David Brooks on Wisdom

In a recent column, David Brooks gently criticizes a new school’s approach to education that aims to respond to the out-of-date nature of many classrooms, but in the process throws out most of the good that schools do.

I love his summary of the learning process: Life skills are important and relating goes hand in hand with knowledge, but fact acquisition matters too:

If we want to produce wise people, what are the stages that produce it? First, there is basic factual acquisition. You have to know what a neutron or a gene is, that the Civil War came before the Progressive Era. Research shows that students with a concrete level of core knowledge are better at remembering advanced facts and concepts as they go along.

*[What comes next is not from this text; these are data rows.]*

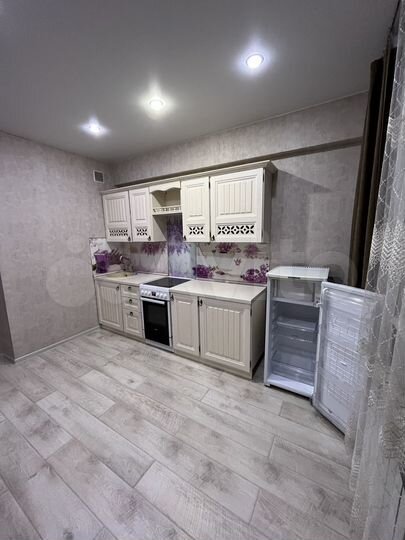 1-к. квартира, 45 м², 5/5 эт.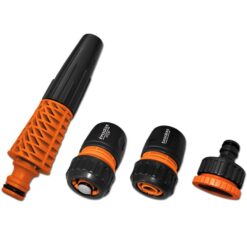 Sada na postrekovanie na hadicu 4 časti 3/4" ECO-PWB5500-34 Merkury Market www.69x.sk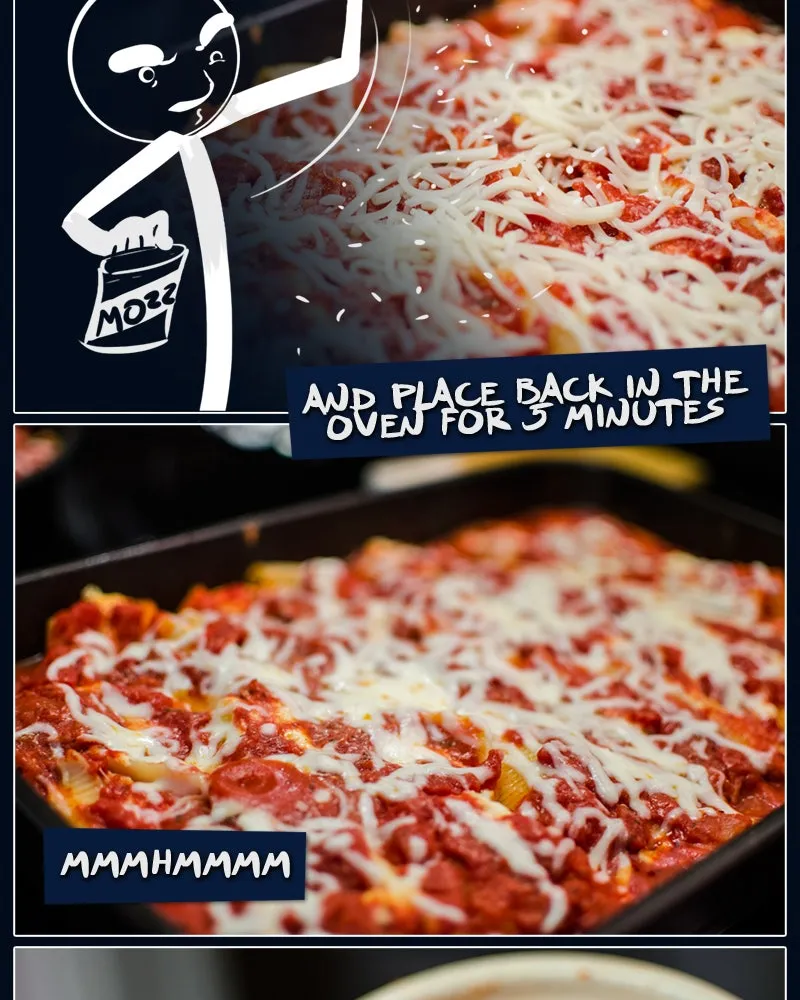 Cooking Comically Chapter 52 page 13 - 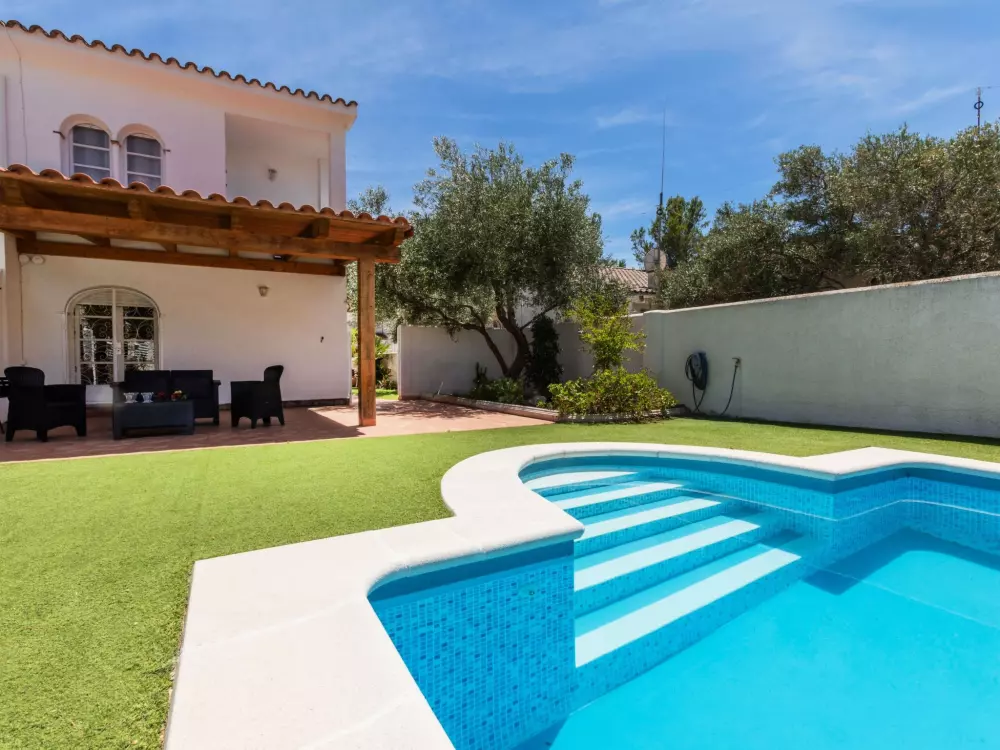 Maison de Vacances Miami Platja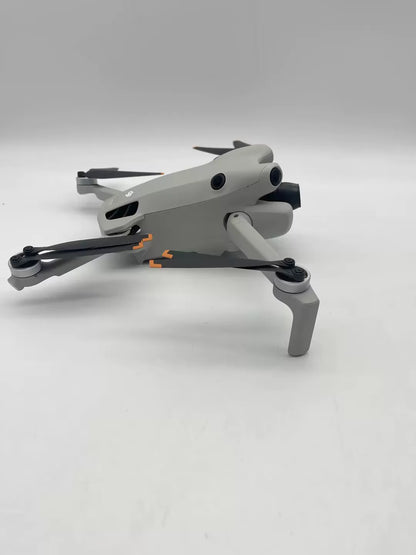 90% New (Excellent) DJI mini4 Pro Screen Remote, Standard Battery Fly More Combo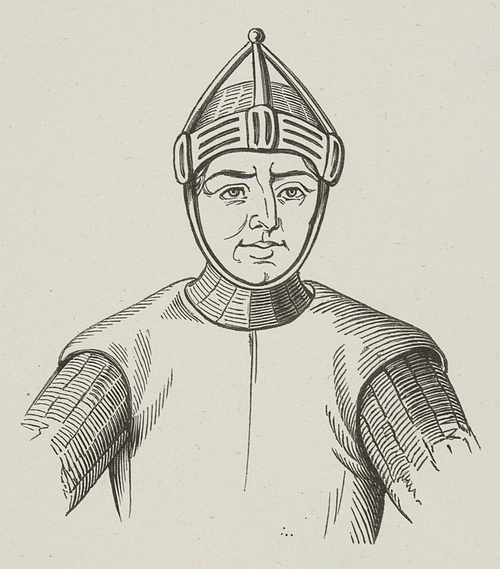 PRZEMYSŁAW (1295–1300)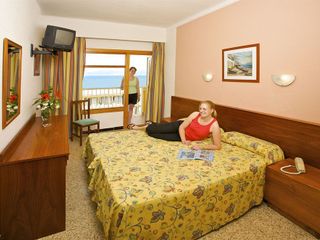 Hotel Bild 2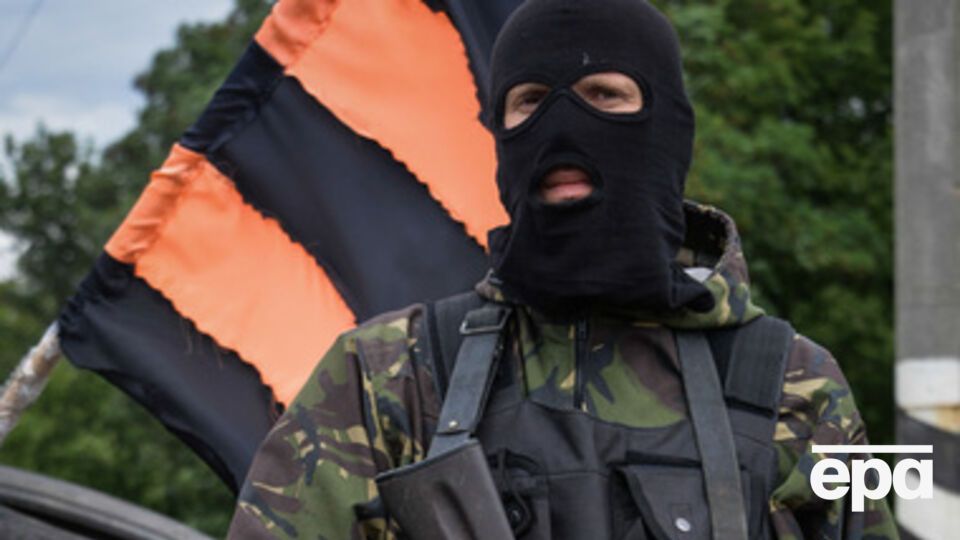 Город остается под контролем боевиков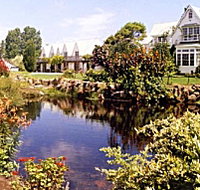 Hawley House Vineyard - Hotel QLD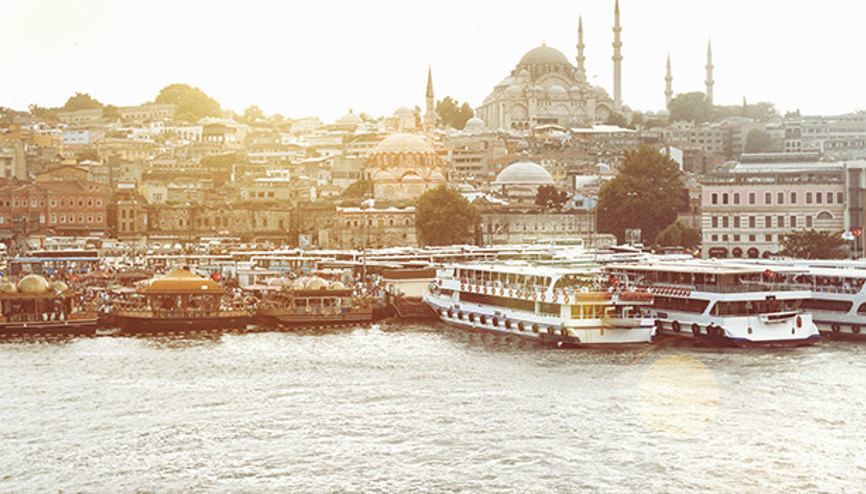 Ünlü ve zenginlerin Türkiye’si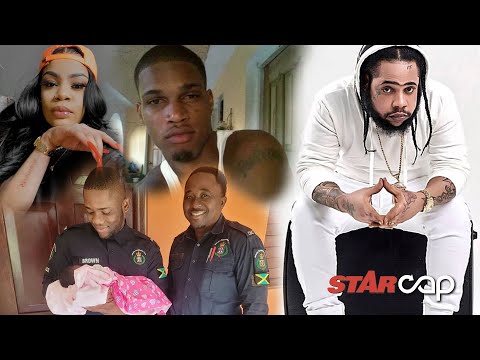 STAR CAP: Squash arrested in US | Cop delivers baby in police vehicle | Busy performs at Barclays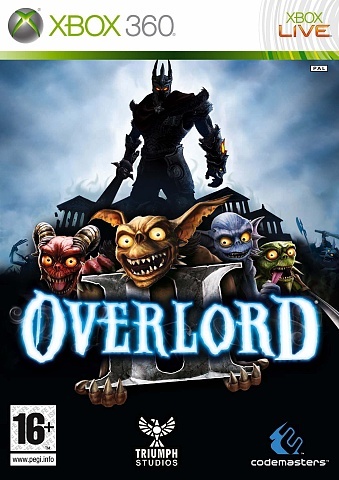 Rent Overlord II today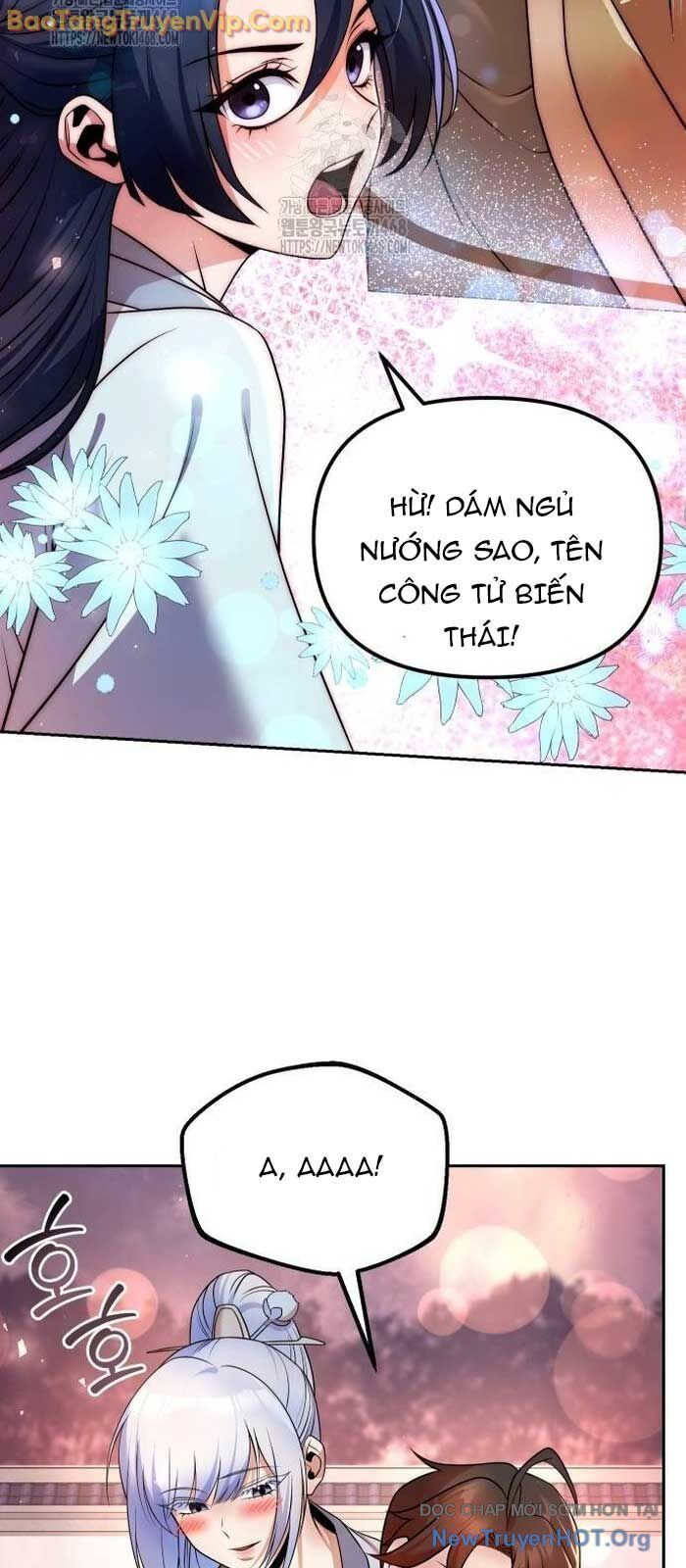 Hoạn Quan Hồi Quy: Tróc Phong Truy Nguyệt Chapter 47 - Trang 2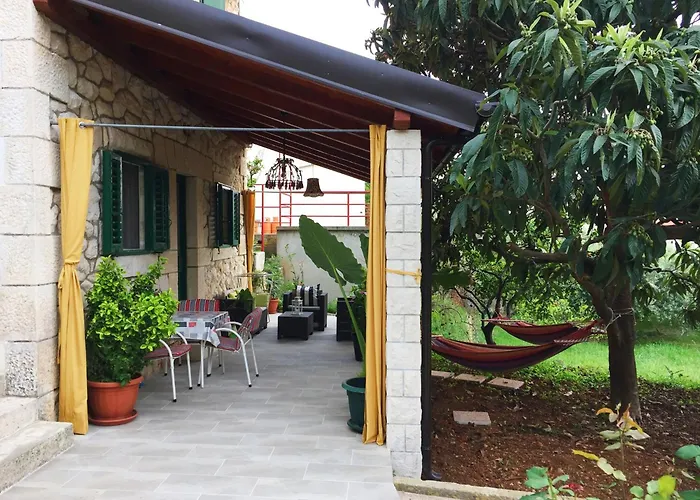 Lina Vrankovic Apartamento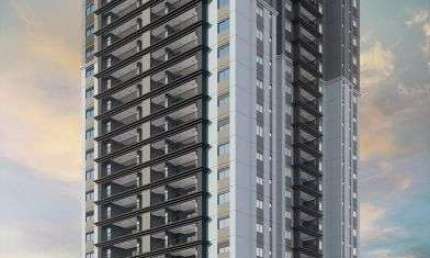 Imóvel para venda possui 127 metros quadrados com 4 quartos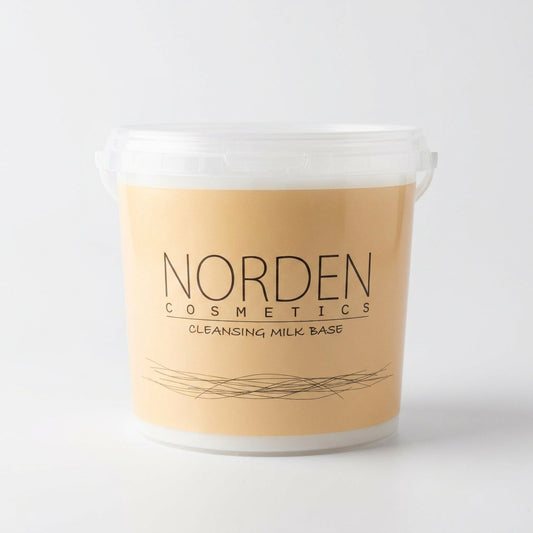 Norden Cosmetics Cleansing Milk Classic – Rengöringsmjölk 1000 ml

Second, there is pattern formation, linking facts together in meaningful ways. This can be done by a good lecturer, through class discussion, through unconscious processing or by going over and over a challenging text until it clicks in your head.

Third, there is mental reformation. At some point while studying a field, the student realizes she has learned a new language and way of seeing — how to think like a mathematician or a poet or a physicist.

At this point information has become knowledge. It is alive. It can be manipulated and rearranged. At this point a student has the mental content and architecture to innovate, to come up with new theses, challenge others’ theses and be challenged in turn.

Finally after living with this sort of knowledge for years, exposing it to the rigors of reality, wisdom dawns. Wisdom is a hard-earned intuitive awareness of how things will flow. Wisdom is playful. The wise person loves to share, and cajole and guide and wonder at what she doesn’t know.

This is so true. From my own limited experience, memorizing facts–if they really sink in–is actually hugely helpful and provides the legos with which to build a wall of understanding. Without the basics building block, there is nothing to build; there is no water to turn the water wheels of the mind.

Schools are certainly not perfect, and we shouldn’t think we can’t improve them. Rote learning has its drawbacks, as does sitting in a seat all day. But basic fact acquisition will always be a key first step to deep learning and critical thinking. No reform effort should ever forget that (including Common Core!)